Why Real Time Analytics is the Next Big Thing


In today's world, the gold mine behind every business is its data. Whichever industry you are working in, data is the backbone of every company. May be a decade ago, data didn't seem to matter much due to the lack of resources and needs as of such. But today, many organizations' primary income source has become its own data which can be used to generate hidden patterns and information which are not visible to the naked eye. Day by day, the data gathered by companies is growing so large, that it has caused the data volumes to grow indefinitely.
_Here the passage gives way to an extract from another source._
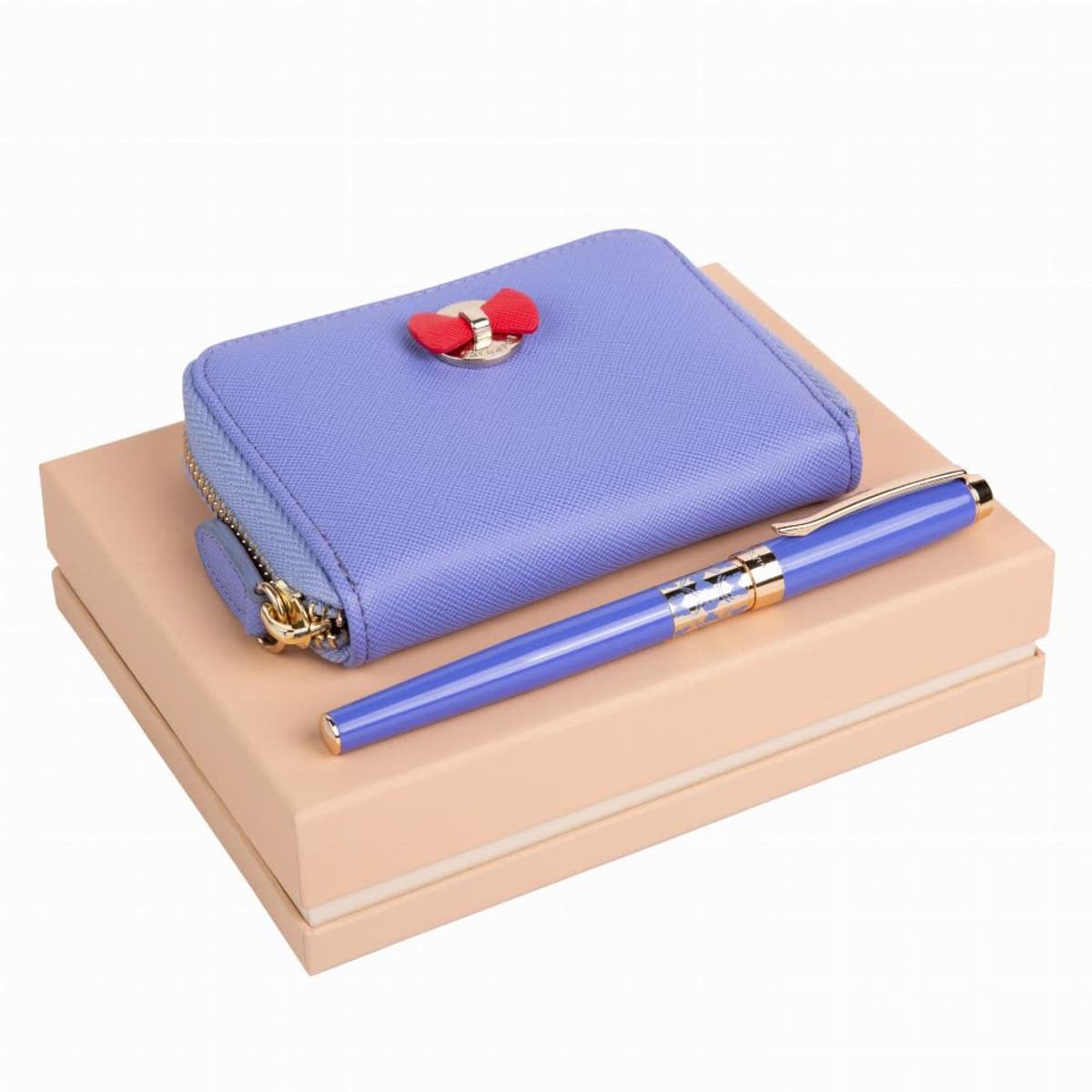 Purple wallet and matching pen on a beige box with a red bow detail on the wallet.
What organization used to do back then was to process all the data at the end of a period to see whether there are anomalies or other fraudulent activities.

Today's industry has become so advanced that, as you read the next 10 words, there is over a million of gigabytes gathered just by user activities as data. But what is more important is, on how we manage and make the maximum use of it. Due to this reason, the storage of data and analysis of it have made a significant impact on organizations' resource scarcity, which makes it difficult to manage all these complexities. With different use cases coming in, realtime data has become the key to many organizations, where that is what triggers the actual patterns and analytics off the data streaming in, every second. This article is the beginning of a series of articles related to the realtime data analytics field. I would like to address the basics of realtime data and why it is important in today's industry. Also, at the end of this article, I would like to mention a few open source tools used for realtime data analytics, that can be used directly for your next data project.

What is Real-time Analytics

Real-time analytics is the analysis of data, as soon as it becomes available. Users should be able to draw conclusions as soon as the data enters the system. The definition of "Real Time", is a level of computer responsiveness that the user senses as sufficiently immediate or that enables the computer to keep up with some external processes [1]. The word real-time gives an impression that the other side of the machine is responding immediately when the user fires an action. Why is it so important to handle everything in real time nowadays? A user's lifestyle gets complicated day by day, that the users tend to lean onto processes that provide a much more faster and convenient solution to their problems. In today's market, even a delay in milliseconds, can lead to a loss of a customer, where response time plays a critical role in the application. This is why it is important to respond to the user as immediately as possible.

Real time systems differ mainly from "Batch Processing" systems, where all the transactions are stored until a specific point in time, where all of them are processed at once. This is where the user receives a response after a certain amount of time.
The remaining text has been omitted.